*Work required*. Your task is to repeat exactly the lines below between the line holding "Струйные брюки палаццо ZARA, бежевый" and the line holding "La scuola in", inclusive, and only those.

*Exercise data*.
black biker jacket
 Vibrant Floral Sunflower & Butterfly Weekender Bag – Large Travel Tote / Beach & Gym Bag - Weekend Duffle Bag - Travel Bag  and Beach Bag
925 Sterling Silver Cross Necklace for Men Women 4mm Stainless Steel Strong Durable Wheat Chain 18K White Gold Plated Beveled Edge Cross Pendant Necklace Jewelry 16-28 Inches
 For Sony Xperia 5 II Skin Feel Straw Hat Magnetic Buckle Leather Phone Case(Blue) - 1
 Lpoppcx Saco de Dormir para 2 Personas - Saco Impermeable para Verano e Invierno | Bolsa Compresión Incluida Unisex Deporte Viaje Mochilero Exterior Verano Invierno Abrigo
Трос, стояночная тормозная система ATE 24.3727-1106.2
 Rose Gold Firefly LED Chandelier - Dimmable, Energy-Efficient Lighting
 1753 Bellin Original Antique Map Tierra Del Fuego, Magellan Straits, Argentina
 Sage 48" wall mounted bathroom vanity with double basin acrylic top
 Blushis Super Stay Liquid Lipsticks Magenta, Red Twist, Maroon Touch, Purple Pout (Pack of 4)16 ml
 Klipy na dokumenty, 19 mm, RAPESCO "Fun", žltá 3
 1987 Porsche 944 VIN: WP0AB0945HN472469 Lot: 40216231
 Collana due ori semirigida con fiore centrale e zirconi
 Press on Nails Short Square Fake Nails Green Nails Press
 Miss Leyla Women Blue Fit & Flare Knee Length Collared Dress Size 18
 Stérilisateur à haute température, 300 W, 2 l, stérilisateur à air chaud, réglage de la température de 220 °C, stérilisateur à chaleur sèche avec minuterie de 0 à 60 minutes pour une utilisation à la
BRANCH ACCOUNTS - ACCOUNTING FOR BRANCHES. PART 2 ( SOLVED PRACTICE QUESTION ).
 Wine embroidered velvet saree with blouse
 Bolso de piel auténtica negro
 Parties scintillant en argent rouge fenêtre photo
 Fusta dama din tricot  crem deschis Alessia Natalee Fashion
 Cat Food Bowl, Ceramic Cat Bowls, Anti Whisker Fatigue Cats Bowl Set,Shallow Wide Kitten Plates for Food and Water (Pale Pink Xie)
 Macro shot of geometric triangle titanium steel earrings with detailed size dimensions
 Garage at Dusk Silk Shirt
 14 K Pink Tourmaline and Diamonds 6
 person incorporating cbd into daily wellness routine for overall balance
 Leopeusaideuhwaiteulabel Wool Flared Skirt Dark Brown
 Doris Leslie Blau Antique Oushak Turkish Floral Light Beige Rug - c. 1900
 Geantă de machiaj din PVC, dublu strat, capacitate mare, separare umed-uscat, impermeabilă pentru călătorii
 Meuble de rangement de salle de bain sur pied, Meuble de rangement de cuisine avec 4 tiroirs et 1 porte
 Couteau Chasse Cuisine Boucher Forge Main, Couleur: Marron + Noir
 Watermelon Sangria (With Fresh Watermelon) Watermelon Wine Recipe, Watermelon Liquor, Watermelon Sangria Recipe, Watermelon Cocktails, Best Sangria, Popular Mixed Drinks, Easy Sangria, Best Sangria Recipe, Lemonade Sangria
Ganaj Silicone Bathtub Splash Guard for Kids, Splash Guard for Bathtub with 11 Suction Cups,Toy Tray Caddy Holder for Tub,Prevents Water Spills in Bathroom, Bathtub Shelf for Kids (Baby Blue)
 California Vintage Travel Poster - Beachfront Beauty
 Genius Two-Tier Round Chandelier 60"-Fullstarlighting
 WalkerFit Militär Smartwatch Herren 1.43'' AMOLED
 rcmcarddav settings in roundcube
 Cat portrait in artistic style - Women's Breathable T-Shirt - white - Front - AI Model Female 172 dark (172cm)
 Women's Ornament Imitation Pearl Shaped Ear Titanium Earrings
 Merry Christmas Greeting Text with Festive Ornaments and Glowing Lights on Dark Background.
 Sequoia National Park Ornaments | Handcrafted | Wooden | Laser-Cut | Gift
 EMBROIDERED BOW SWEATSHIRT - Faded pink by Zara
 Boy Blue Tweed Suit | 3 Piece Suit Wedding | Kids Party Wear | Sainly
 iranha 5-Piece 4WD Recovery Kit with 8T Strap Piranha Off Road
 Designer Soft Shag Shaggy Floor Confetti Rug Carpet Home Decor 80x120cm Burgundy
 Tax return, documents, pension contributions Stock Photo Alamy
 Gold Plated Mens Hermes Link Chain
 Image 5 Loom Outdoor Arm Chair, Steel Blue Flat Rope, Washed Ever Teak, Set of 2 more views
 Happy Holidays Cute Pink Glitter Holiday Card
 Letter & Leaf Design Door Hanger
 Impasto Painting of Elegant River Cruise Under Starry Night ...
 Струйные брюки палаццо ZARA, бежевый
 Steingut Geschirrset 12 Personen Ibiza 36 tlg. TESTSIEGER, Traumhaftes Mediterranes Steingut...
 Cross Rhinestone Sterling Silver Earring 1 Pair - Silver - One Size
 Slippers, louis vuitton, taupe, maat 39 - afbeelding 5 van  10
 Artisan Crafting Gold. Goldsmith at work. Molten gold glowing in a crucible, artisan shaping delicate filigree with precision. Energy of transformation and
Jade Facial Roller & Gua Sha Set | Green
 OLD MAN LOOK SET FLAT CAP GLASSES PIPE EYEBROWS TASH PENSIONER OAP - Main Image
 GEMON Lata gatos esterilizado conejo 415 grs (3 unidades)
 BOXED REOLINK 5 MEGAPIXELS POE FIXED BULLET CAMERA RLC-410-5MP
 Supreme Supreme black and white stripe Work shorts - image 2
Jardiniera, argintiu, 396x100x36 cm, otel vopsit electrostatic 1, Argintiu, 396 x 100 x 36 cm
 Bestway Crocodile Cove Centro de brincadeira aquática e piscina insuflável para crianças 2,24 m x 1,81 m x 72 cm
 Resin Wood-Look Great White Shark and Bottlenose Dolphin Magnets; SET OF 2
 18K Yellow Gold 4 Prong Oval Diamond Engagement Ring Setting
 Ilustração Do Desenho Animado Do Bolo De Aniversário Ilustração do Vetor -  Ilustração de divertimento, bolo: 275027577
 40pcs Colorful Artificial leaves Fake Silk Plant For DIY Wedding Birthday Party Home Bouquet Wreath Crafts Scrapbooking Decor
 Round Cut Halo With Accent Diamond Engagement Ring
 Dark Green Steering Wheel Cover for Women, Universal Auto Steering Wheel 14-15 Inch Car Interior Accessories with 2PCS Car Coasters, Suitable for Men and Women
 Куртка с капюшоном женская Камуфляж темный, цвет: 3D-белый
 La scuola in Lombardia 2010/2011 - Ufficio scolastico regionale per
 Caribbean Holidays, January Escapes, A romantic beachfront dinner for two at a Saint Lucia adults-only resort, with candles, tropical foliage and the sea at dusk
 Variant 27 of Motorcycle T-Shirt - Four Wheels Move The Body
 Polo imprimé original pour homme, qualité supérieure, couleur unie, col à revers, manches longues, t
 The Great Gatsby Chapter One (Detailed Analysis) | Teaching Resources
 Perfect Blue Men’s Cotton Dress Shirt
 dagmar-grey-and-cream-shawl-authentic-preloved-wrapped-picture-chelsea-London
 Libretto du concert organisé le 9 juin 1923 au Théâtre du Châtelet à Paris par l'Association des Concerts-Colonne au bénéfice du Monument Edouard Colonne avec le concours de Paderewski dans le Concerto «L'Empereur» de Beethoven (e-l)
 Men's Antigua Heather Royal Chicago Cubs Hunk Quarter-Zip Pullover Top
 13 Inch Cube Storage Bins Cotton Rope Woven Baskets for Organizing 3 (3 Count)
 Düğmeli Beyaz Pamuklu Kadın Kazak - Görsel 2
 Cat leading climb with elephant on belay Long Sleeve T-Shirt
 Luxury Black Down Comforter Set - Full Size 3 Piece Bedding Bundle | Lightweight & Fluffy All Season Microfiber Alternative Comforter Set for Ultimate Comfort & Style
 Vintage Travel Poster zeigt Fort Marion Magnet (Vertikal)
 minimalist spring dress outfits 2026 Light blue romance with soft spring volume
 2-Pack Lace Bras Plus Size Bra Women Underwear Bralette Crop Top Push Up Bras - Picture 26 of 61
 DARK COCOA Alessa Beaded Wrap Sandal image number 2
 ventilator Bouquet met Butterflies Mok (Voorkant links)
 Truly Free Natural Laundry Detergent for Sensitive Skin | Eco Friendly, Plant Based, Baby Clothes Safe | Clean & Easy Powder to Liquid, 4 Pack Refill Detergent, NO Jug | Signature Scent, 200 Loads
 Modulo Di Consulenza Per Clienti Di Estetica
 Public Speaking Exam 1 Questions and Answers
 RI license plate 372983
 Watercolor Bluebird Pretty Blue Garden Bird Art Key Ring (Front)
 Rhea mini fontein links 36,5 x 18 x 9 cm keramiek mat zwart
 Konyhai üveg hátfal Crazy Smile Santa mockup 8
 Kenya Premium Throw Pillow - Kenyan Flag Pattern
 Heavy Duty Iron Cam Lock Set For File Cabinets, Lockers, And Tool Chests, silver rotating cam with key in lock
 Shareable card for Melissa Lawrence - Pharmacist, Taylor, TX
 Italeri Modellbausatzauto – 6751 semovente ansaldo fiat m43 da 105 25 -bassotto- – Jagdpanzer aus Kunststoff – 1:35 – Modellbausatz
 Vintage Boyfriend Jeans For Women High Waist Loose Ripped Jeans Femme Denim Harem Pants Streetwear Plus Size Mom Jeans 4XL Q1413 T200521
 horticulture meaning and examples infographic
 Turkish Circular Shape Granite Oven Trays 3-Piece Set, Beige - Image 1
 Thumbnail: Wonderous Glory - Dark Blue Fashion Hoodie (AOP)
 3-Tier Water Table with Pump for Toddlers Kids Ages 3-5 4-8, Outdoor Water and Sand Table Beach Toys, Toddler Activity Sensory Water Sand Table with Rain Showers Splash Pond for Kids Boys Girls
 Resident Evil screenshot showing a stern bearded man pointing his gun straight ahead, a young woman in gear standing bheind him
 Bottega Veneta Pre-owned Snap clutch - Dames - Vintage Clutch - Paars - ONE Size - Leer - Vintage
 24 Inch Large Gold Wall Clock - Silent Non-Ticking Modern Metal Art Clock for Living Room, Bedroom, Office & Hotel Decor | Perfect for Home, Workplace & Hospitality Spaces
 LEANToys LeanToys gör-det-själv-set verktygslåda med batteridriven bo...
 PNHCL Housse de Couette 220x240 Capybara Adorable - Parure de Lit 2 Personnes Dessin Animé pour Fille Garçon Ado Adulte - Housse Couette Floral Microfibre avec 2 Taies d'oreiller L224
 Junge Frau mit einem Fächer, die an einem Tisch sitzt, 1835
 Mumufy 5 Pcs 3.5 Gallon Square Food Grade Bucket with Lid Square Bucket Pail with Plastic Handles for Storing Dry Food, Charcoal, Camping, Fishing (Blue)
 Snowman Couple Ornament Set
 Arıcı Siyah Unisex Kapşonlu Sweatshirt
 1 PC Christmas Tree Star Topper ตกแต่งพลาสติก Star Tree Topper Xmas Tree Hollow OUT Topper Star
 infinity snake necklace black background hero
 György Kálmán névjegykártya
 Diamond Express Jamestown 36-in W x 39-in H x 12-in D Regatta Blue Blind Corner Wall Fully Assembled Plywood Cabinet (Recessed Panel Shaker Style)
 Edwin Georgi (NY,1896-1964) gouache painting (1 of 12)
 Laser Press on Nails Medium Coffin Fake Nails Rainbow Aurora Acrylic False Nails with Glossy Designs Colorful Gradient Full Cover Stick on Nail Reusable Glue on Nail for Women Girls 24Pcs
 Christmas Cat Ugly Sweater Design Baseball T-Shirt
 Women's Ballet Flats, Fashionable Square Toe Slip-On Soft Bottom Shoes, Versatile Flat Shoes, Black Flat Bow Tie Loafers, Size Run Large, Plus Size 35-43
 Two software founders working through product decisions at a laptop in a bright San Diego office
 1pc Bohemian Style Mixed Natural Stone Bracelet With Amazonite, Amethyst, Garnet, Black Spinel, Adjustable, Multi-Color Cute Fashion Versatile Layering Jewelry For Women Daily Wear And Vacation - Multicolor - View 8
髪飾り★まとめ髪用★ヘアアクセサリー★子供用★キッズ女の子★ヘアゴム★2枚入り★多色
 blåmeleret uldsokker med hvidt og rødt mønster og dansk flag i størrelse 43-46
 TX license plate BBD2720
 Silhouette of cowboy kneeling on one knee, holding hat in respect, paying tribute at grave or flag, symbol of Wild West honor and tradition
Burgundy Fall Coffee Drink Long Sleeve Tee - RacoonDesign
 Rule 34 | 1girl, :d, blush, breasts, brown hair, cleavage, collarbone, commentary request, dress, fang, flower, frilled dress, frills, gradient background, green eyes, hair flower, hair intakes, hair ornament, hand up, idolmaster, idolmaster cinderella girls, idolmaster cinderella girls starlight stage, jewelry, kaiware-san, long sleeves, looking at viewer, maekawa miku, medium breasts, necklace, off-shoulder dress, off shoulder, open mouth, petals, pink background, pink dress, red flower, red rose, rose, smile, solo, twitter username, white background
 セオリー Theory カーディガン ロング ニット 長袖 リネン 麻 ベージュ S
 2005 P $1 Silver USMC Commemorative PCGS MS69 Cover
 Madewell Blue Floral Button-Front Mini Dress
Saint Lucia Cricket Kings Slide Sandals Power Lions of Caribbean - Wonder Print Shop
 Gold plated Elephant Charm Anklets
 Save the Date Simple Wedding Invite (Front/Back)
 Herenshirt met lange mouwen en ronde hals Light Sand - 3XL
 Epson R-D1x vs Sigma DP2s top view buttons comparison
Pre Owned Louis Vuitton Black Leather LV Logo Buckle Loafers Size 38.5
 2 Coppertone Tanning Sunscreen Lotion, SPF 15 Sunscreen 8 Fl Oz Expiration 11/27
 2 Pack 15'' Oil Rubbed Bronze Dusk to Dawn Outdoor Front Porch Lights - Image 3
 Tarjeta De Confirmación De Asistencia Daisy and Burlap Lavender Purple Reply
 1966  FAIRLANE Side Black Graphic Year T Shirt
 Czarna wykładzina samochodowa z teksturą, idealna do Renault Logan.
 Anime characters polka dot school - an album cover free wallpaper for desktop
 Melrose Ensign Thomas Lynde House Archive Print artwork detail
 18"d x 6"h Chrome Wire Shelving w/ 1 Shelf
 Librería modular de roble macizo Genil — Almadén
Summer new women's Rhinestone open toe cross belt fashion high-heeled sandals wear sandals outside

*Written response*.
 Струйные брюки палаццо ZARA, бежевый
 Steingut Geschirrset 12 Personen Ibiza 36 tlg. TESTSIEGER, Traumhaftes Mediterranes Steingut...
 Cross Rhinestone Sterling Silver Earring 1 Pair - Silver - One Size
 Slippers, louis vuitton, taupe, maat 39 - afbeelding 5 van  10
 Artisan Crafting Gold. Goldsmith at work. Molten gold glowing in a crucible, artisan shaping delicate filigree with precision. Energy of transformation and
Jade Facial Roller & Gua Sha Set | Green
 OLD MAN LOOK SET FLAT CAP GLASSES PIPE EYEBROWS TASH PENSIONER OAP - Main Image
 GEMON Lata gatos esterilizado conejo 415 grs (3 unidades)
 BOXED REOLINK 5 MEGAPIXELS POE FIXED BULLET CAMERA RLC-410-5MP
 Supreme Supreme black and white stripe Work shorts - image 2
Jardiniera, argintiu, 396x100x36 cm, otel vopsit electrostatic 1, Argintiu, 396 x 100 x 36 cm
 Bestway Crocodile Cove Centro de brincadeira aquática e piscina insuflável para crianças 2,24 m x 1,81 m x 72 cm
 Resin Wood-Look Great White Shark and Bottlenose Dolphin Magnets; SET OF 2
 18K Yellow Gold 4 Prong Oval Diamond Engagement Ring Setting
 Ilustração Do Desenho Animado Do Bolo De Aniversário Ilustração do Vetor -  Ilustração de divertimento, bolo: 275027577
 40pcs Colorful Artificial leaves Fake Silk Plant For DIY Wedding Birthday Party Home Bouquet Wreath Crafts Scrapbooking Decor
 Round Cut Halo With Accent Diamond Engagement Ring
 Dark Green Steering Wheel Cover for Women, Universal Auto Steering Wheel 14-15 Inch Car Interior Accessories with 2PCS Car Coasters, Suitable for Men and Women
 Куртка с капюшоном женская Камуфляж темный, цвет: 3D-белый
 La scuola in Lombardia 2010/2011 - Ufficio scolastico regionale per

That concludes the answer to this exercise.